Le réchauffement climatique met les rennes au régime: ils perdent du poids et sont plus petits 

Les températures grimpent chaque année un peu plus, surtout en Arctique. À cause du réchauffement climatique, les rennes qui vivent au pôle Nord pèsent en moyenne sept kilos de moins qu’il y a une vingtaine d’années. La neige se transforme en pluie qui devient de la glace et bloque leur nourriture en-dessous.
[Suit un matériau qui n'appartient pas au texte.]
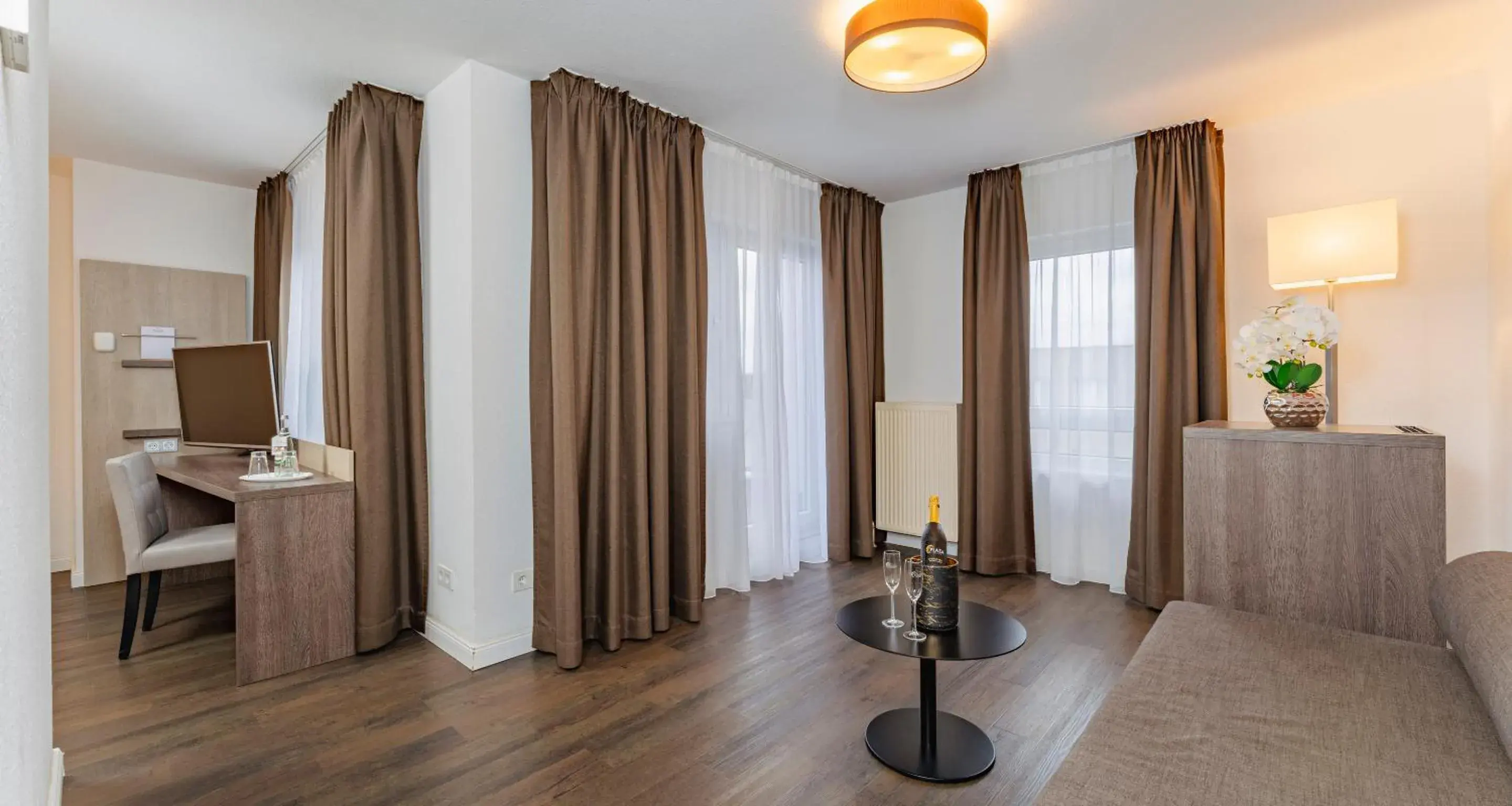 Living room in PLAZA INN Karlsruhe Nord Living room in PLAZA INN Karlsruhe Nord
Tu entends souvent parler des ours polaires qui disparaissent les uns après les autres. Il y a quelques jours, nous te parlions aussi de la girafe car les scientifiques viennent de l’inscrire sur leur liste rouge des espèce en voie d’extinction. Et maintenant, ce sont les rennes qui subissent les effets négatifs du réchauffement climatique. Leur nombre a augmenté mais leur poids et leur taille ont fortement diminué.
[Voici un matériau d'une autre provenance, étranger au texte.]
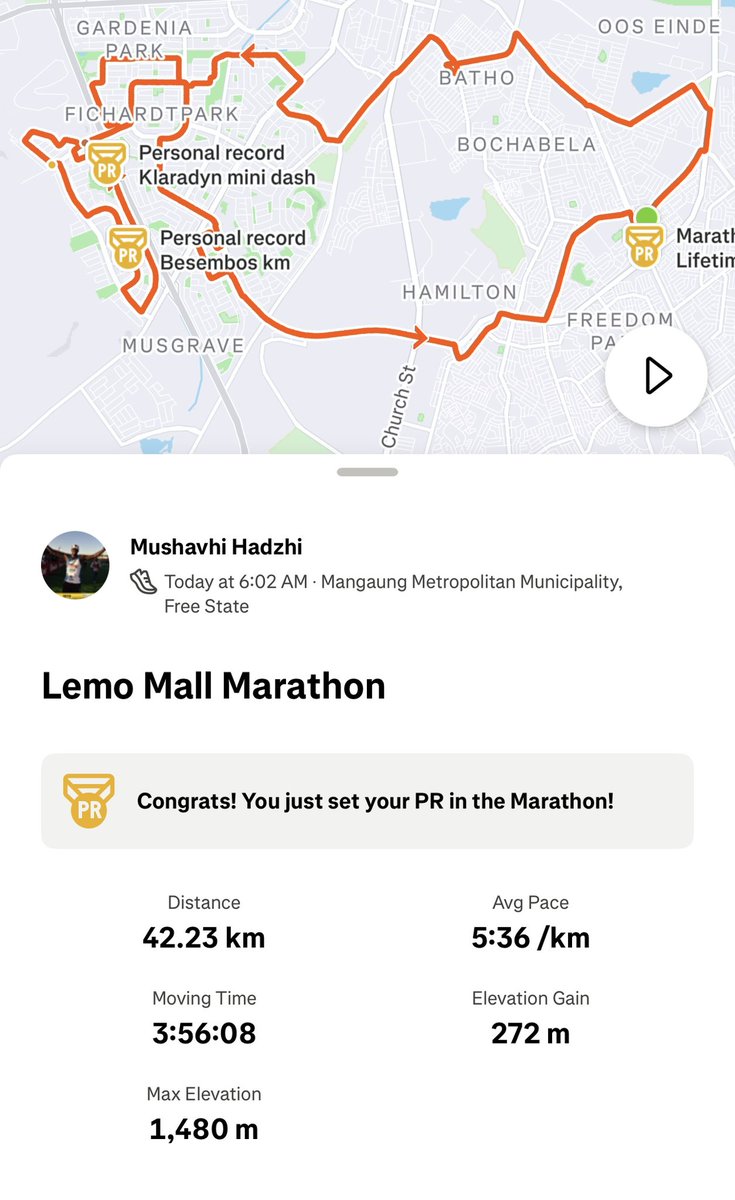 Mshavi_Haji's tweet photo. Temperature was too low so to keep warm i had to run faster.
#LemoMarathon https://t.co/8C21Cza1SF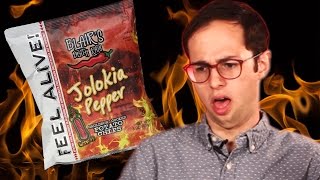 Extremely Spicy Snack Taste Test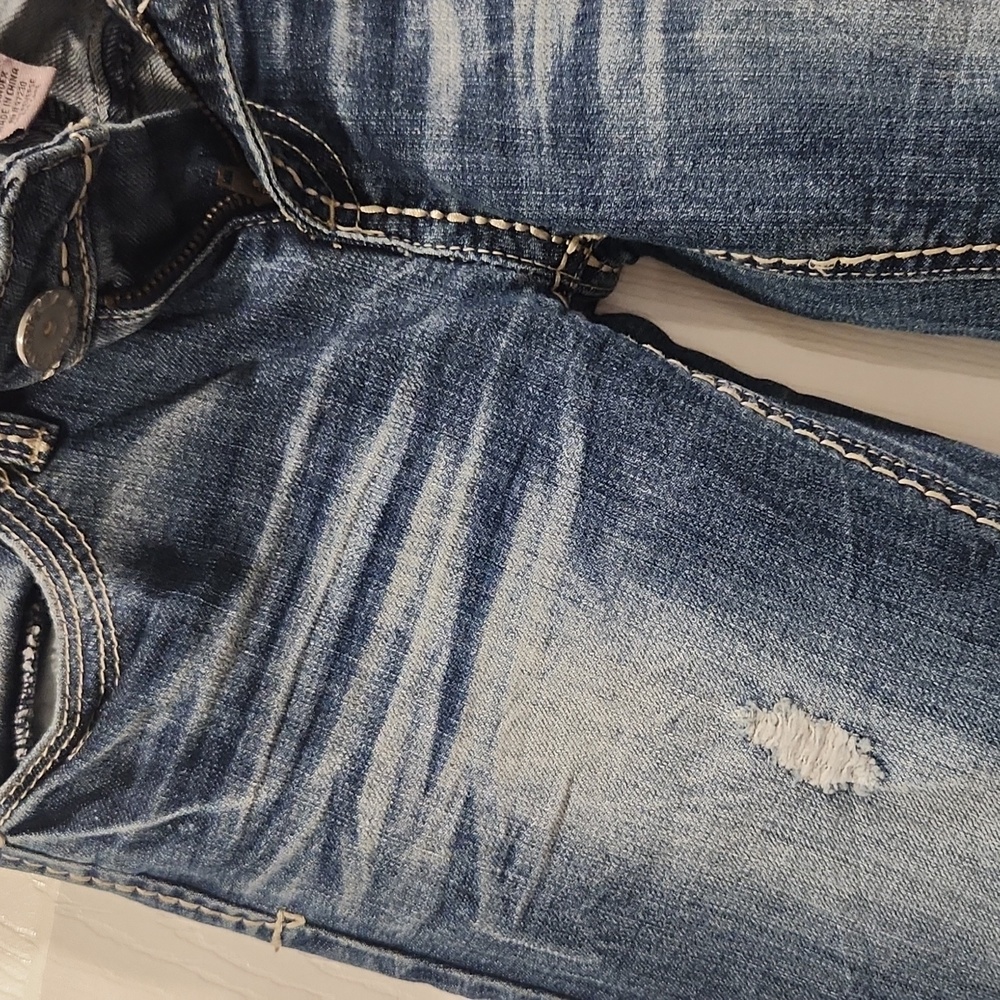 Almost Famous Women's Blue Jeans - Picture 5 of 10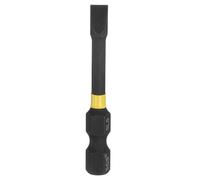 sourcing map SL5 - Brocas de destornillador de impacto ranuradas de 5 mm, punta ranurada de 1/4 pulgadas, vástago hexagonal de 50 mm de largo, cabeza plana magnética, acero fosfatado, brocas de
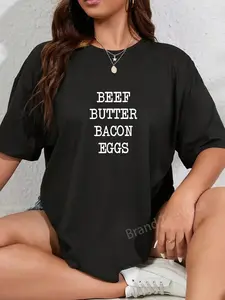 100% Cotton Unisex Carnivore beef butter bacon eggs carnivore diet meat keto T-Shirt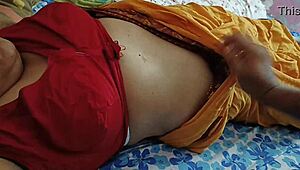 An Indian housewife is seduced by her lover in a wonderful encounter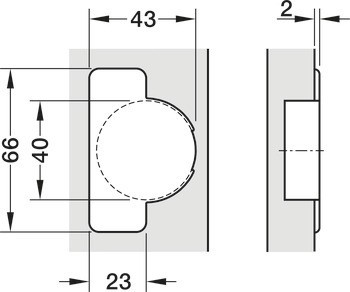 Nábytkový závěs, Häfele Metalla 510 A/SM 94°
En Arctique, les hivers sont de moins en moins froids et les neiges moins abondantes. Il pleut beaucoup plus et lorsque les gouttes tombent au sol, elles se transforment en flaques de glace. Les plantes se retrouvent piégées en-dessous et deviennent inaccessibles aux herbivores. Pour les rennes, c’est la catastrophe: certains adultes meurent de faim et des jeunes naissent difformes. C’est le constat d’une étude menée par des chercheurs norvégiens et écossais publiée par le Guardian.

De 55 à 48 kilos

Les scientifiques ont pesé les rennes adultes qui vivent sur l’archipel du Svalbard, au nord de la Norvège. Leur poids moyen est tombé à 48 kilos, alors qu’il était de 55 kilos dans les années 1990. Le réchauffement climatique est en train de bouleverser complètement la vie des animaux au pôle Nord. Parce que les températures en Arctique augmentent plus rapidement qu’ailleurs en raison d’une accumulation de gaz à effet de serre dans l’atmosphère.

Il y a quand même une bonne nouvelle: leur nombre n’a pas diminué et a même augmenté. Grâce aux étés plus chauds, les plantes se portent très bien et cela permet aux femelles de concevoir en automne. Le troupeau sauvage qu’ils ont étudié est ainsi passé de 800 animaux en 1990 à environ 1.400 aujourd’hui.

Mais cette hausse de la population entraîne une concurrence plus forte pour la nourriture qui se fait rare en hiver. Et seuls les plus robustes survivront.